Je veux le dire avec clarté, monsieur le sénateur : le droit de grève est légal, y compris dans les secteurs de l'énergie, et beaucoup de ceux qui y travaillent, lorsqu'ils choisissent de faire grève, s'inscrivent dans le cadre légal. À tel point que lorsque, pour les nécessités liées à la sécurité nationale, ils sont réquisitionnés, alors même qu'ils se sont déclarés grévistes, pour assurer le bon fonctionnement des installations de production ou de distribution d'électricité, ils obtempèrent à la réquisition et respectent la loi.
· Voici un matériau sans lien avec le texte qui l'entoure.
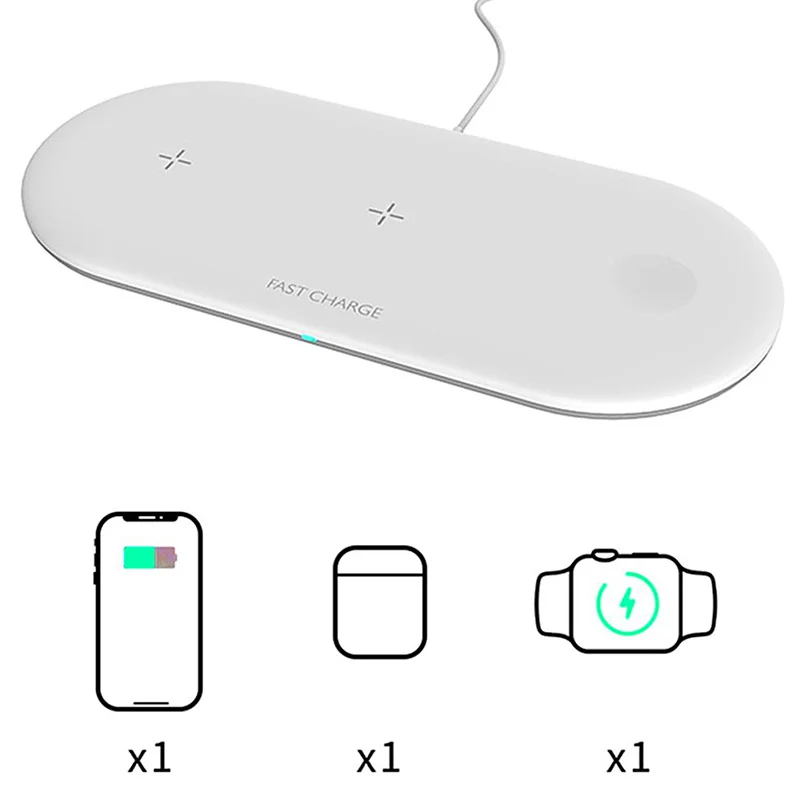 Беспроводное зарядное устройство Qi 10 Вт 3 в 1 быстрое USB для Iphone Apple Watch Iwatch Airpods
À ceux-là, il faut dire que leur comportement ne pose aucun problème.
Néanmoins, à ceux qui, se parant de je ne sais quel militantisme, décident d'accomplir des actions parfaitement illégales et potentiellement dangereuses, il faut dire que leur comportement n'est pas acceptable et qu'il mène directement à des sanctions. Il ne peut pas en être autrement !
(Applaudissements sur les travées des groupes LaREM et Les Indépendants, ainsi que sur des travées des groupes RDSE et UC.)
J'ajoute un dernier mot, monsieur le sénateur, puisque votre question porte sur les voies permettant de revenir à une situation apaisée ou de renouer le dialogue, pour dire deux choses.
D'une part, le dialogue n'a jamais été rompu. (Protestations sur les travées des groupes SOCR et CRCE.) Nous discutons depuis longtemps avec les organisations syndicales, qui ont d'ailleurs toujours accepté de venir aux réunions et aux rendez-vous que nous organisions et qui ont travaillé avec nous, certaines assumant des désaccords complets sur l'objet de la réforme que nous préparons.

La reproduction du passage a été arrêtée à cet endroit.